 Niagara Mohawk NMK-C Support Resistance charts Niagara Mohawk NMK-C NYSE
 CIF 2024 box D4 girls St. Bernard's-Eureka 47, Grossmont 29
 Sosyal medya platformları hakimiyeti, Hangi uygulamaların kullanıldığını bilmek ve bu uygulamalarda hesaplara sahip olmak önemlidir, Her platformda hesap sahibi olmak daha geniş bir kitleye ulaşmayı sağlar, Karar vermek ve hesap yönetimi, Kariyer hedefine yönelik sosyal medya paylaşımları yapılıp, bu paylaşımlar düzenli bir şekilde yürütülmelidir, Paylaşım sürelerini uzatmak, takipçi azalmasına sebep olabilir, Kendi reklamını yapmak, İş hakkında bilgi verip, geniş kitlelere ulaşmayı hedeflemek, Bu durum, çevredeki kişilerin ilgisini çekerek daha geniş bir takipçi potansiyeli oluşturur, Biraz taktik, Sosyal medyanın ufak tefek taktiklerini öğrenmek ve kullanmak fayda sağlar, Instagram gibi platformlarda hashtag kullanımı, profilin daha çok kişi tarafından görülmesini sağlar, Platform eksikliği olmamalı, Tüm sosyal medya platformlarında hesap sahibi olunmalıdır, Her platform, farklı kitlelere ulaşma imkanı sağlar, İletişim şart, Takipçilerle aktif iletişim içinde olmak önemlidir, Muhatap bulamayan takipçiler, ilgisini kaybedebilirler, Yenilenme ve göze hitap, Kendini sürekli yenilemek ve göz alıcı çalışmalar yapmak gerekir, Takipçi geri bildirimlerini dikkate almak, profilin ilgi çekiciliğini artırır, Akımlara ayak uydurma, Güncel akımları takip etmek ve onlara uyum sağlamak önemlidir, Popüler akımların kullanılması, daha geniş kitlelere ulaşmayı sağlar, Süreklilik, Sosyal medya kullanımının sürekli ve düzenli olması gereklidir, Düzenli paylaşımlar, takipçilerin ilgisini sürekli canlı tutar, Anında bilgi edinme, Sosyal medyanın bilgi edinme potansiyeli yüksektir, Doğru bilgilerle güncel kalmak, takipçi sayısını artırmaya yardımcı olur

··········

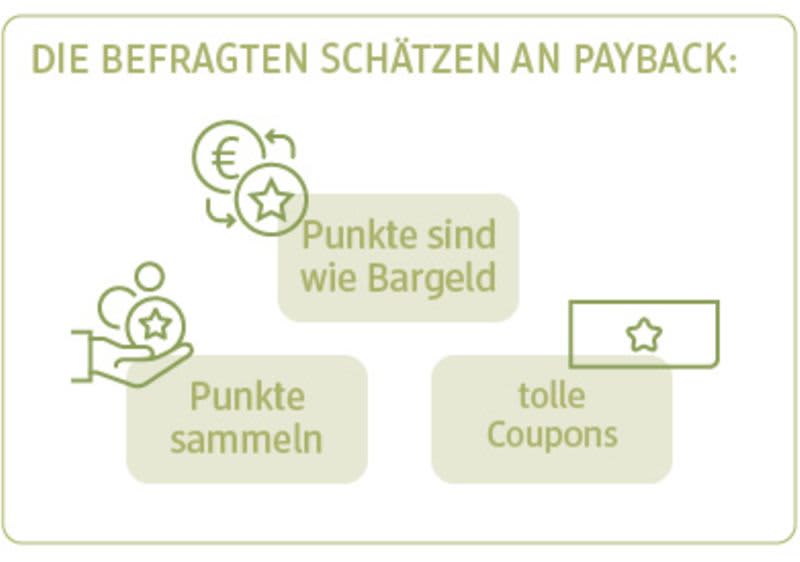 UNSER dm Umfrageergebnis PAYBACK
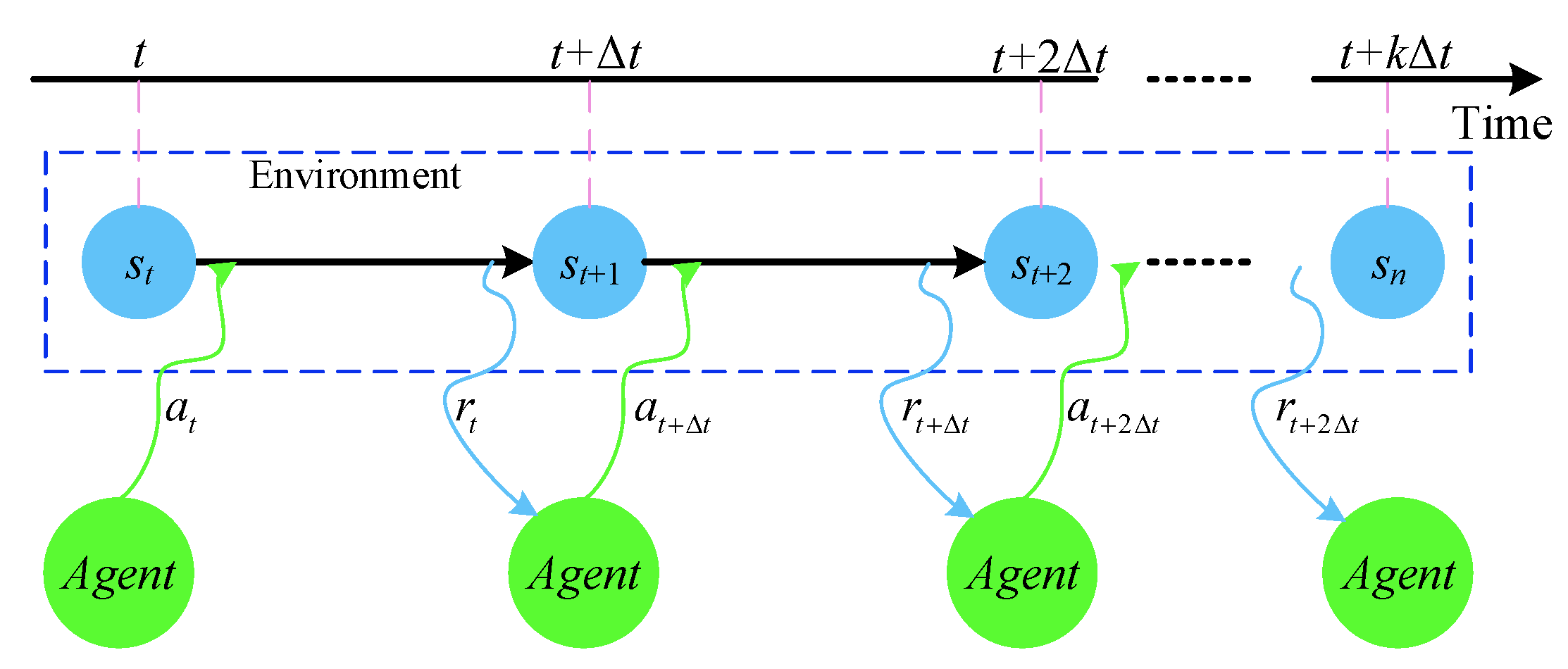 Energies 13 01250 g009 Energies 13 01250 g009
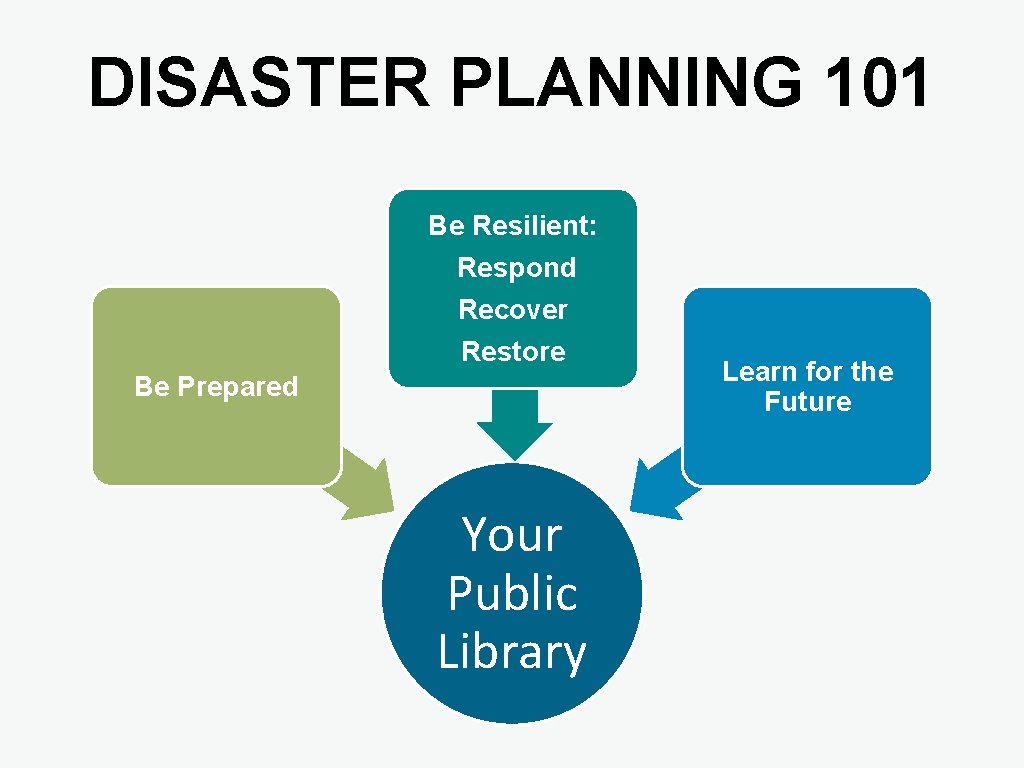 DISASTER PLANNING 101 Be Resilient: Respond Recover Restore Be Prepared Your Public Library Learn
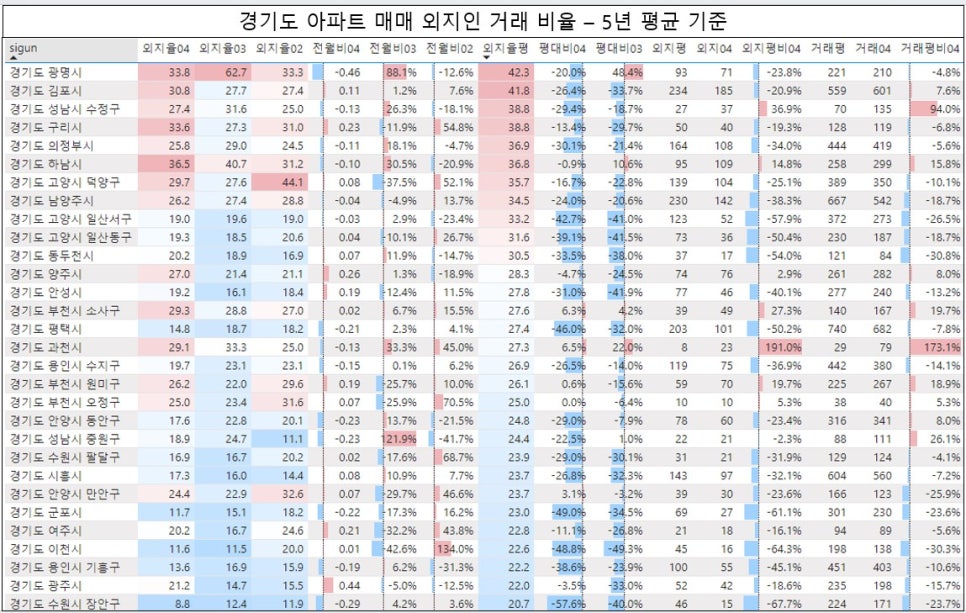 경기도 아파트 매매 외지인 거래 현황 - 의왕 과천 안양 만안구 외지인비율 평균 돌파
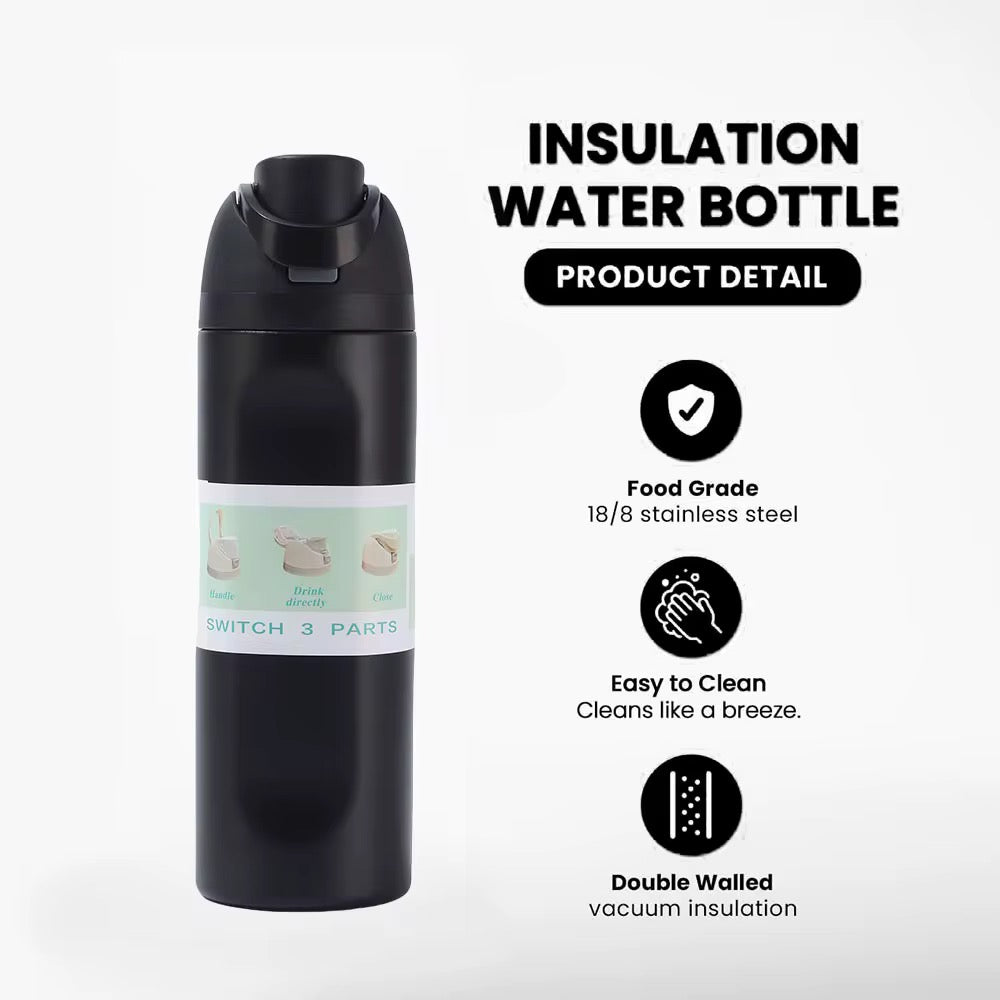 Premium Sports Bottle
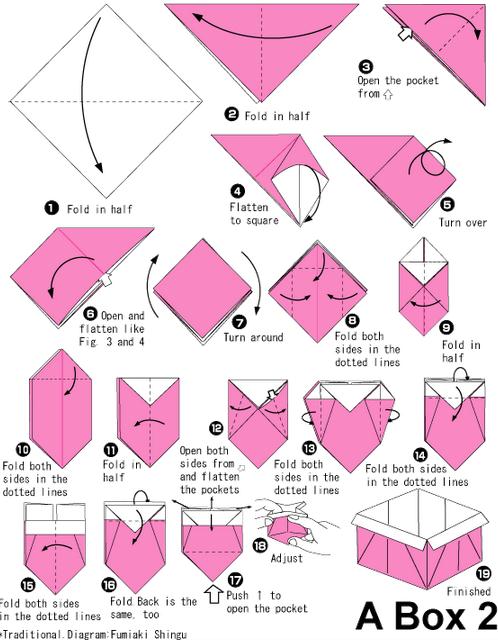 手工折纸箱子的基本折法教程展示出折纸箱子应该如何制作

··········

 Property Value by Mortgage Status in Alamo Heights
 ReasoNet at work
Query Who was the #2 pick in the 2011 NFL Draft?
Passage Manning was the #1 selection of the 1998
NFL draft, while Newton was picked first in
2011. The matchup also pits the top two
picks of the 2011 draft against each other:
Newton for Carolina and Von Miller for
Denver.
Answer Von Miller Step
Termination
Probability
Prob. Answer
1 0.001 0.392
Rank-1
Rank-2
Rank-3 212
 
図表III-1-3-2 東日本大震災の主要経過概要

··········

Reproduce, character for character, only the lines of the preceding data that start at the line with "Niagara Mohawk NMK-C Support" and end at the line with "Sosyal medya platformları hakimiyeti, Hangi", both included.

 Niagara Mohawk NMK-C Support Resistance charts Niagara Mohawk NMK-C NYSE
 CIF 2024 box D4 girls St. Bernard's-Eureka 47, Grossmont 29
 Sosyal medya platformları hakimiyeti, Hangi uygulamaların kullanıldığını bilmek ve bu uygulamalarda hesaplara sahip olmak önemlidir, Her platformda hesap sahibi olmak daha geniş bir kitleye ulaşmayı sağlar, Karar vermek ve hesap yönetimi, Kariyer hedefine yönelik sosyal medya paylaşımları yapılıp, bu paylaşımlar düzenli bir şekilde yürütülmelidir, Paylaşım sürelerini uzatmak, takipçi azalmasına sebep olabilir, Kendi reklamını yapmak, İş hakkında bilgi verip, geniş kitlelere ulaşmayı hedeflemek, Bu durum, çevredeki kişilerin ilgisini çekerek daha geniş bir takipçi potansiyeli oluşturur, Biraz taktik, Sosyal medyanın ufak tefek taktiklerini öğrenmek ve kullanmak fayda sağlar, Instagram gibi platformlarda hashtag kullanımı, profilin daha çok kişi tarafından görülmesini sağlar, Platform eksikliği olmamalı, Tüm sosyal medya platformlarında hesap sahibi olunmalıdır, Her platform, farklı kitlelere ulaşma imkanı sağlar, İletişim şart, Takipçilerle aktif iletişim içinde olmak önemlidir, Muhatap bulamayan takipçiler, ilgisini kaybedebilirler, Yenilenme ve göze hitap, Kendini sürekli yenilemek ve göz alıcı çalışmalar yapmak gerekir, Takipçi geri bildirimlerini dikkate almak, profilin ilgi çekiciliğini artırır, Akımlara ayak uydurma, Güncel akımları takip etmek ve onlara uyum sağlamak önemlidir, Popüler akımların kullanılması, daha geniş kitlelere ulaşmayı sağlar, Süreklilik, Sosyal medya kullanımının sürekli ve düzenli olması gereklidir, Düzenli paylaşımlar, takipçilerin ilgisini sürekli canlı tutar, Anında bilgi edinme, Sosyal medyanın bilgi edinme potansiyeli yüksektir, Doğru bilgilerle güncel kalmak, takipçi sayısını artırmaya yardımcı olur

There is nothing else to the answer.